## WORK TO COMPLETE
Copy exactly the lines of the material below, starting with the first and including the line that holds "AFPANQZ America Flag".

# # # #

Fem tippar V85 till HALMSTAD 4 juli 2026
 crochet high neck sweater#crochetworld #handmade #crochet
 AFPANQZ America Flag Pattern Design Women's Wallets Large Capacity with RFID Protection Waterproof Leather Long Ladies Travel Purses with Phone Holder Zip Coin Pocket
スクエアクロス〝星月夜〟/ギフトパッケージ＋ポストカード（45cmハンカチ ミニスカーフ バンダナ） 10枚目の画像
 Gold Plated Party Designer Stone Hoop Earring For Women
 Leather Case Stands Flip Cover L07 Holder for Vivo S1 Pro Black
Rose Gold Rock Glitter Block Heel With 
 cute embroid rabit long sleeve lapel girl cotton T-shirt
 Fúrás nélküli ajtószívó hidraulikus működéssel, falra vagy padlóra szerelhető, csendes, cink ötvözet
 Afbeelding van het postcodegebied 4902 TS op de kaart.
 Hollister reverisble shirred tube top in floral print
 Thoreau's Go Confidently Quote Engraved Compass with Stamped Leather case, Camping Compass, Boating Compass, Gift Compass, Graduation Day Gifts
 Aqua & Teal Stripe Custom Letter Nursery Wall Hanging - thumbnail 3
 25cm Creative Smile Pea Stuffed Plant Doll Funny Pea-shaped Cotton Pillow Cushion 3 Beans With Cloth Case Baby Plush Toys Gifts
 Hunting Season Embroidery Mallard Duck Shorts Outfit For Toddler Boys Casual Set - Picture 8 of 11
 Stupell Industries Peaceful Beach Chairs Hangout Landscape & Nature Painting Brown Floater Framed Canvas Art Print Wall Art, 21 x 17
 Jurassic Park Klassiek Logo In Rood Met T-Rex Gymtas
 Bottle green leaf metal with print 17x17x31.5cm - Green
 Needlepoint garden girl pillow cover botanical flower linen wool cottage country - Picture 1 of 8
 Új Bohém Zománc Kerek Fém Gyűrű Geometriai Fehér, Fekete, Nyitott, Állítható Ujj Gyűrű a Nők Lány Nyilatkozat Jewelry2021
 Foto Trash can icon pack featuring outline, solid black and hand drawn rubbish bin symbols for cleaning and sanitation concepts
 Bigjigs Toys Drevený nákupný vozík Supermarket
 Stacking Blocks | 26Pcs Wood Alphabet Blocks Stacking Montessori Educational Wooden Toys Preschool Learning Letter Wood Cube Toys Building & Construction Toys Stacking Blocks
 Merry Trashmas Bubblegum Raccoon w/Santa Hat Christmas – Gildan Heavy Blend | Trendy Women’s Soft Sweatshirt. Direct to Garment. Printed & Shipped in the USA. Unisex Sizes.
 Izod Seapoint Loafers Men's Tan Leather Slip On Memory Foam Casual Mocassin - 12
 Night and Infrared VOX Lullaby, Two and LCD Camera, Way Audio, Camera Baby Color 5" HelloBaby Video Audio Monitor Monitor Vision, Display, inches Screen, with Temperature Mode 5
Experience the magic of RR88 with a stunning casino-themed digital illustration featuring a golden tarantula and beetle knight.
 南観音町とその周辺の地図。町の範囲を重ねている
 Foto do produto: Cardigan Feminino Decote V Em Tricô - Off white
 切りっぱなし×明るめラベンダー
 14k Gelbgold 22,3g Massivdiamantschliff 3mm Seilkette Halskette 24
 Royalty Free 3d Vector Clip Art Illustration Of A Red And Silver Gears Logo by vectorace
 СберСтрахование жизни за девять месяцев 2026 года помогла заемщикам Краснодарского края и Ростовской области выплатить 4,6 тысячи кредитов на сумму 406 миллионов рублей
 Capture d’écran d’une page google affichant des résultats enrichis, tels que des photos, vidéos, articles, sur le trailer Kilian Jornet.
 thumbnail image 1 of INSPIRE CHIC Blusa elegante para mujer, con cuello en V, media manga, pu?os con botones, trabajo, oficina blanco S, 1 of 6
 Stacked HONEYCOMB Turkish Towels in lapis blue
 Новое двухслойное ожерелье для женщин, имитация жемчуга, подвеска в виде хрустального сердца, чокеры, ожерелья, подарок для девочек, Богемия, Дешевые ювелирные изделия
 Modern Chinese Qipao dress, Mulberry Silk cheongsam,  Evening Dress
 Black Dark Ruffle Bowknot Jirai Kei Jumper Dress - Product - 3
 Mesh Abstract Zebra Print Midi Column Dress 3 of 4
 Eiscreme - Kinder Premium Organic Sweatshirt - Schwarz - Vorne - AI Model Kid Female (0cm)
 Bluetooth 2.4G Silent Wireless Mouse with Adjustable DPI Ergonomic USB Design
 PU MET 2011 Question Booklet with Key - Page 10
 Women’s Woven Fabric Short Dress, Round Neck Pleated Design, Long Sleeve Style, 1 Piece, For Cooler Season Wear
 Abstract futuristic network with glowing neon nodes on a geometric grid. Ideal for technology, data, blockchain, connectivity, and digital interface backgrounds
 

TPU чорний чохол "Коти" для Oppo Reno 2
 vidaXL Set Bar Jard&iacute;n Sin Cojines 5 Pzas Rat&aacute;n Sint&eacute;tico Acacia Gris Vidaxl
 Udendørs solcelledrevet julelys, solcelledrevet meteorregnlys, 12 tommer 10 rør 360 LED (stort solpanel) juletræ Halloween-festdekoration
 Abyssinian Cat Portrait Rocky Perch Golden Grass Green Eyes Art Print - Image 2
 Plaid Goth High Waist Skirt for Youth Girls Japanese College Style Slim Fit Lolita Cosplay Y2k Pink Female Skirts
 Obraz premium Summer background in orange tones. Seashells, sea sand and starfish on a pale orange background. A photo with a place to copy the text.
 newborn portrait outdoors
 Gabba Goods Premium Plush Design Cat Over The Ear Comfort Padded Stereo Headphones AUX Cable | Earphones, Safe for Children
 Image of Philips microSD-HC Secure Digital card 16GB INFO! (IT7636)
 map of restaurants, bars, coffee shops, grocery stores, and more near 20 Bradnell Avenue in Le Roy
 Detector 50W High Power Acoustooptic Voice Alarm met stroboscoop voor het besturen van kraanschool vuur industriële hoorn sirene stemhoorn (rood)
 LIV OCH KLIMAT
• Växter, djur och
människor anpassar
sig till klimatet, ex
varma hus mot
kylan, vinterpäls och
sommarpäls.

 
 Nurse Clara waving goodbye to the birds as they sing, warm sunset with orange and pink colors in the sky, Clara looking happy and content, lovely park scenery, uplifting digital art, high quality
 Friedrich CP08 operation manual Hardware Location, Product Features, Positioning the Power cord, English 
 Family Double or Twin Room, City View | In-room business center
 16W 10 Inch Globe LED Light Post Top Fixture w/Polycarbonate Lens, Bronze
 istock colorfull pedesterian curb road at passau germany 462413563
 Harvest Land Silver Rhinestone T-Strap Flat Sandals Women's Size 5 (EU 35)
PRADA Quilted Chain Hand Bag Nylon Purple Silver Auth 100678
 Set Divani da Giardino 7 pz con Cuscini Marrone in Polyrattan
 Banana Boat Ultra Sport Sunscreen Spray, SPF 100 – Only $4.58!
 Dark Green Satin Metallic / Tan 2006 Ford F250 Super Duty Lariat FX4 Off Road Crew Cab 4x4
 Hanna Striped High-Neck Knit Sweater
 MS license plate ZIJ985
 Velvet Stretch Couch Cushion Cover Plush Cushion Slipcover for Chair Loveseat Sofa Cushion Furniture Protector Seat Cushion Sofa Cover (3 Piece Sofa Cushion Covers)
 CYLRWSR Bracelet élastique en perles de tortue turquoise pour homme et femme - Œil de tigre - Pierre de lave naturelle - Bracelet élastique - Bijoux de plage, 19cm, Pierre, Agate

# # # #

## ANSWER TO THIS TASK
Fem tippar V85 till HALMSTAD 4 juli 2026
 crochet high neck sweater#crochetworld #handmade #crochet
 AFPANQZ America Flag Pattern Design Women's Wallets Large Capacity with RFID Protection Waterproof Leather Long Ladies Travel Purses with Phone Holder Zip Coin Pocket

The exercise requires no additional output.